Task input:

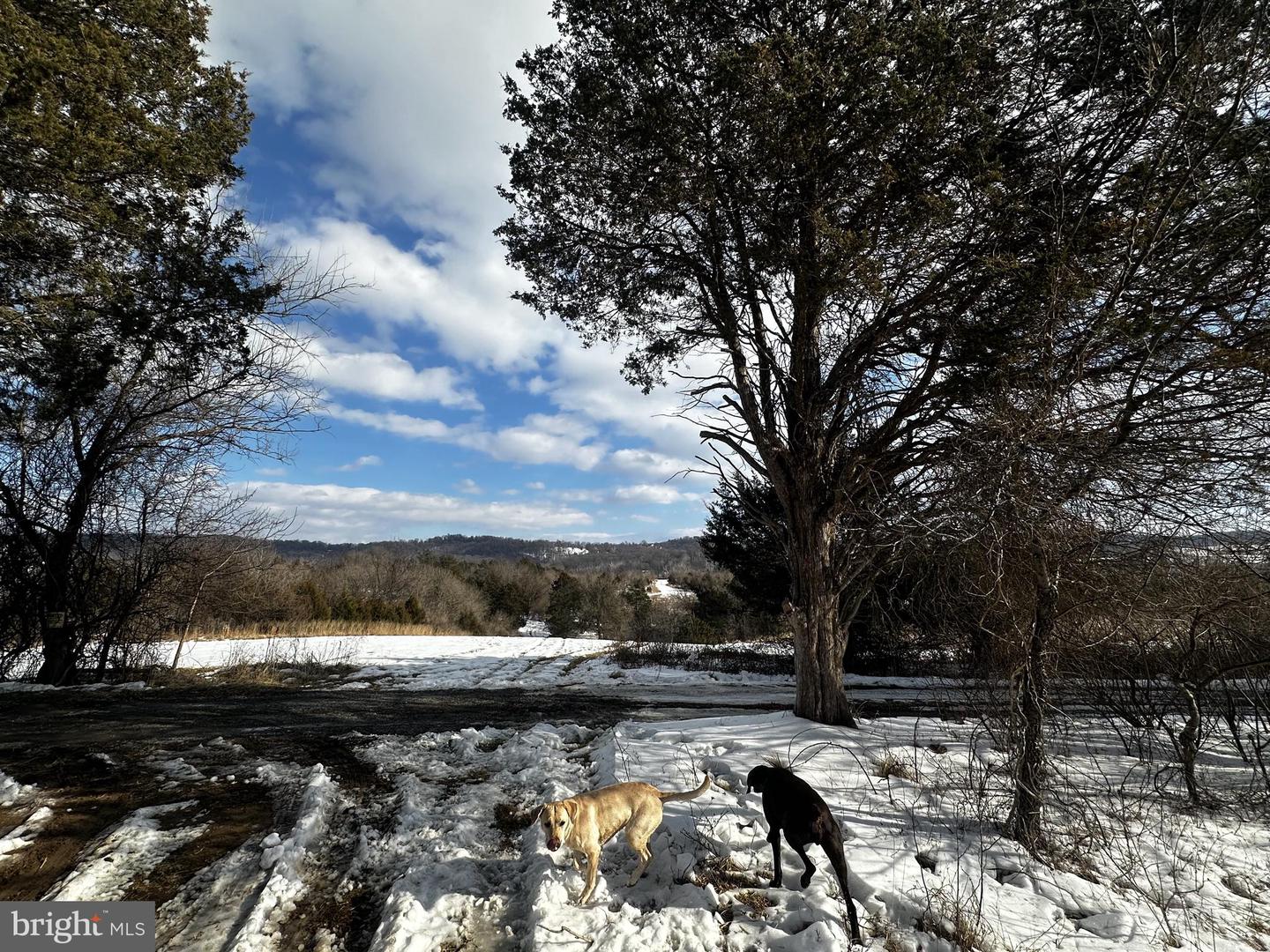 0 BOOTH RD, LOVETTSVILLE, Virginia 20180, ,Farm,For Sale,0 BOOTH RD,VALO2115628 MLS # VALO2115628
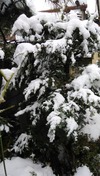 IMG_20221219_100159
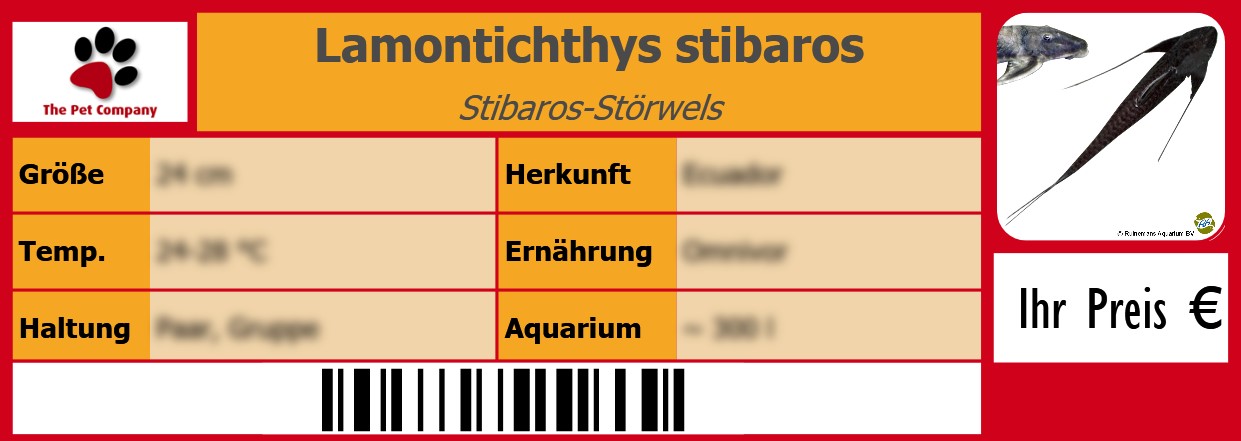 Lamontichthys stibaros Stibaros-Störwels 105 x 38 mm
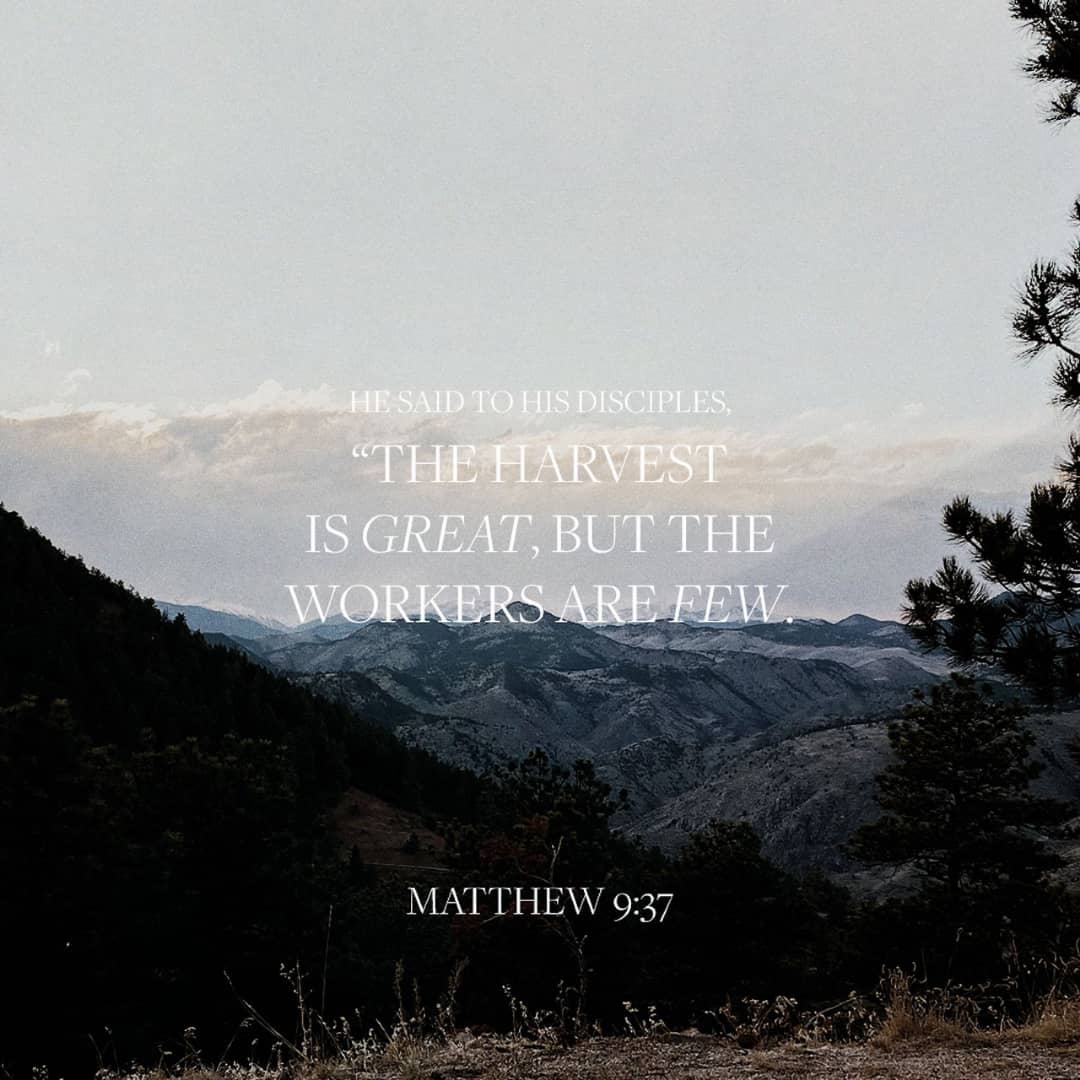 THE GREATEST SERVANT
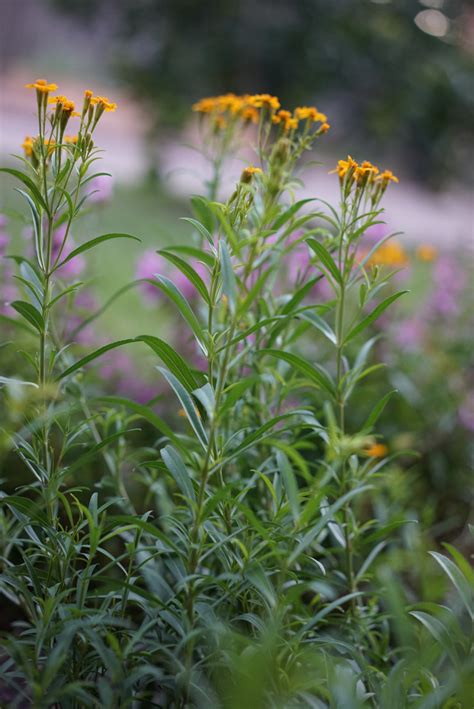 How To Grow Tarragon In An Organic Herb Garden Gardenary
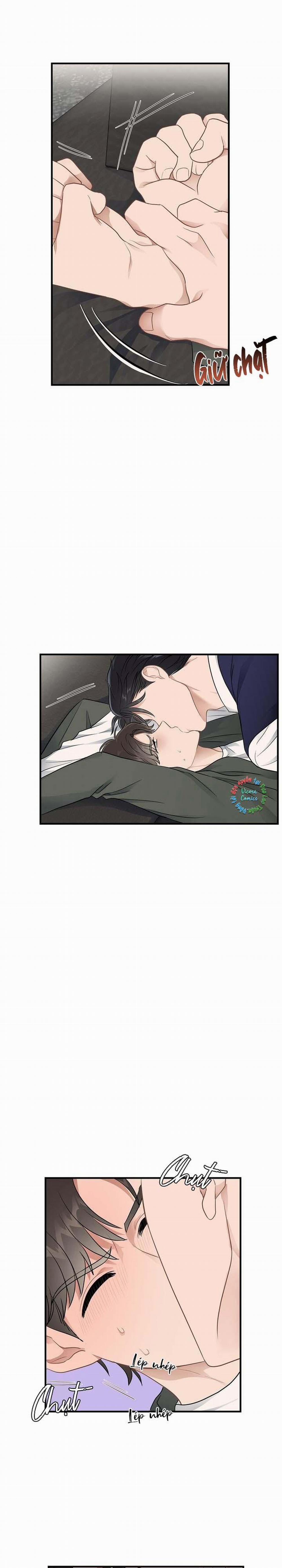 Niềm An Ủi Ngày Chủ Nhật 21 trang 14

What the exercise asks:
Nothing but the lines from the one containing "Lamontichthys stibaros Stibaros-Störwels" through the end of the entries should be written out, exactly and without pictures.

Response to this exercise:
 Lamontichthys stibaros Stibaros-Störwels 105 x 38 mm
 THE GREATEST SERVANT
 How To Grow Tarragon In An Organic Herb Garden Gardenary
 Niềm An Ủi Ngày Chủ Nhật 21 trang 14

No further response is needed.